Interpretability

  1. No misinterpretation of missing values
  2. Atypical use of collections containers and reification

No misinterpretation of missing values

To count the number of nodes we use the following query:

SELECT (COUNT(?bnode) AS ?triples)
WHERE { ?bnode ?p ?o
FILTER (isBlank(?bnode))}

The query output is the number of blank nodes in the KG, and is used to understand the incidence of blank nodes compared to other resources.
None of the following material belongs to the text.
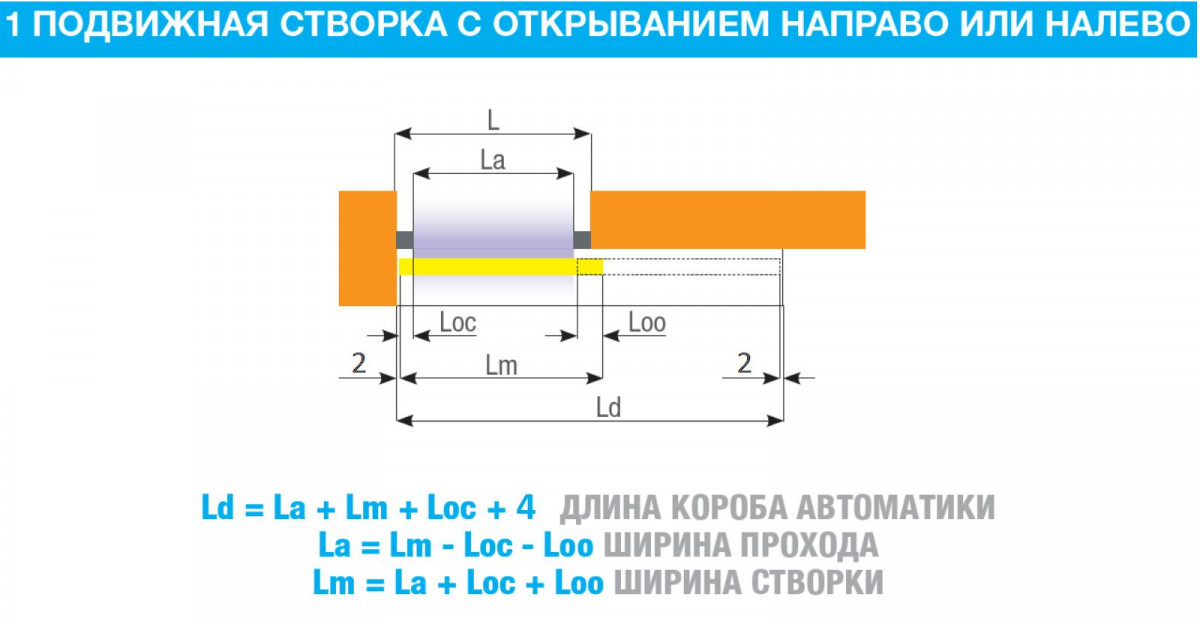 FLUO-SLL LIGHT, короб 2600 мм FLUO-SLL LIGHT, короб 2600 мм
To quantize the metric, we first execute the following query that count the number of triples that do not have the property rdf:type:

SELECT (COUNT(?o) AS ?triples)
WHERE{?s ?p ?o.
FILTER(?p NOT IN (rdf:type))
}

Then we use the following formmula where $numBN$ is the output of the first query and $numDlc$ is the output of the second query:

\[m_{BN} = 1 - \frac{numBN}{numDlc}\]

Atypical use of collections containers and reification

In this case we check that there are no RDF data structures, in fact their use comes discouraged by W3C. To check their use we use the following query:

PREFIX rdf:<http://www.w3.org/1999/02/22-rdf-syntax-ns#>
PREFIX rdfs: <http://www.w3.org/2000/01/rdf-schema#>
SELECT (COUNT(?s) AS ?triples)
WHERE{
{?s rdf:type rdf:List }
UNION
{?s rdf:type rdf:Statement}
UNION
{?s rdf:type rdf:Alt}
UNION
{?s rdf:type rdf:Bag}
UNION
{?s rdf:type rdf:Seq}
UNION
{?s rdf:type rdf:Container}
UNION
{?s rdf:subject ?o}
UNION
{?s rdf:predicate ?o}
UNION
{?s rdf:object ?o}
UNION
{?s rdfs:member ?o}
UNION
{?s rdf:first ?o}
UNION
{?s rdf:rest ?o}
UNION
{?s rdf:_[0-9]+}
}

If the query returns even just one result, it means we have a triple that declares the use of RDF structures and therefore we attribute a value of 1 to the data (i.e. they are used), 0 otherwise.